第33表 作目別生産額・販売額・白家消費額(単位 千円)
区分 普通作物部門 果樹部門 蔬菜部門 その他
年次 生産額 自家消費 販売額 生産額 自家消費 販売額 生産額 自家消費 販売額 生産額 自家消費 販売額
昭和 千円 千円 千円
22 41,633 18,768 22,885 8,000 500 7,500 47,739 9,550 38,189 55,600 6,000 49,600
23 288,402 126,684 161,718 9,000 540 8,460 56,140 11,228 34,832 73,555 6,600 66,955
24 354,814 158,929 186,885 9,300 560 8,740 64,376 12,875 51,501 97,600 9,800 87,800
25 436,853 201,427 235,426 10,000 1,000 9,000 88,315 17,663 70,652 117,200 11,720 95,480
26 588,204 269,964 318,240 11,900 1,190 10,710 99,527 19,905 80,422 135,500 13,600 121,900
27 620,338 286,537 333,801 11,500 700 10,800 104,301 20,860 83,441 182,950 18,300 164,650
28 481,116 217,656 263,460 11,900 800 11,100 108,604 21,720 86,884 202,100 20,210 181,890
29 692,615 326,046 366,569 11,500 700 10,800 105,405 21,081 84,324 239,500 23,950 215,550
30 868,612 417,813 450,799 17,500 1,100 16,400 107,507 21,515 85,992 258,450 25,840 232,610
 総生産額に占める割合(自家消費率 25=35.6%,30=37.3%,商品化率 25=64.4%,30=62.7%)
25 70.0 30.9 39.1 1.5 0.2 1.3 13.5 2.7 10.8 18.0 1.8 16.2
30 69.4 33.4 36.0 1.4 0.1 1.3 8.6 1.7 6.9 20.6 2.1 18.5
 販売総額に占める割合
25 57.3 2.2 17.2 23.3
30 57.4 2.1 10.9 29.6
 昭和25年を100としたときの生産額・販売額
30 198.8 191.5 175.0 182.2 121.2 121.8 220.5 355.2

 二十五~三十年の間、生産総額に占める割合で普通作物が七〇%前後を占め、ついで、その他(実は養鶏を中心とした畜産)二〇%前後、蔬菜一〇%前後という構成は大きく変動していない。
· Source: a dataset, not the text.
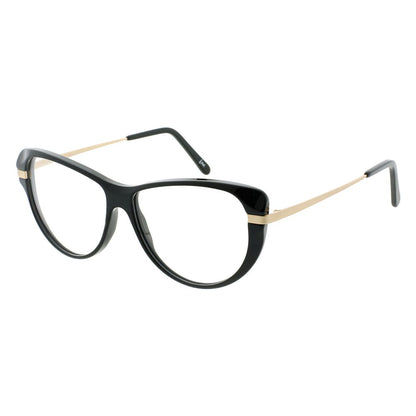 Andy Wolf Black Metal & Plastic Glasses (Frames)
農産物の商品化率は二十五年で六四・四%、三十年で六二・七%と約三分の二の農産物が販売されており、商業的農業の展開の深さを思わせるが、二十五年から三十年にかけては農家の自家需要の増大もあって若干低下している。販売総額に占める部門別割合をみると、普通作物部門がいずれも五七%台で過半数を制しており、ついでその他二三~三〇%弱、すなわち養鶏ののびがいちじるしいことが特徴的であり、蔬菜部門は一〇%台となっている。この五年間ののびでは普通作物部門が生産額、販売額とも約二倍、蔬菜部門一・二倍、その他が生産額で二・二倍、販売額で三・五倍と大きくのびている。ちなみにこの間の畜産ののびをみると第34表のごとくである。

第34表 飼育頭(羽)数の変化
区分 役用牛 乳用牛
年次別 飼養農家数 頭数 飼養農家数 頭数 飼養農家数 頭数 飼養農家数 頭数 飼養農家数 羽数
昭和
27 840 840 700 700 95 280 48 50 3,100 100,000
28 780 780 650 650 100 300 64 70 3,150 132,000
29 710 710 712 712 120 350 88 106 3,200 145,000
30 693 693 560 560 165 500 95 109 3,250 172,000
31 229 229 775 775 208 691 96 109 3,300 180,000

 このうち養鶏をみると飼養農家が漸増し、三十一年時点では越谷の農家戸数の約八割が養鶏をおこなっていたことになる。また飼養羽数は二十七年から三十一年の四年間に八〇%の増大をみせ、この間一戸当りの飼養羽数も三二羽から五五羽近くに増加している。このほか養豚や乳牛ののびもいちじるしい。

 全体として、この時期の越谷の農業生産は、大・小麦の生産は減少傾向にあったとはいえまだ米麦が中心作物として大きな比重を占めていたが、養豚や乳牛などの畜産が急速なのびをみせようとしていた。しかし蔬菜部門はまだ小さく、農業生産に大きな位置を占めるまでにはいたらなかったといえよう。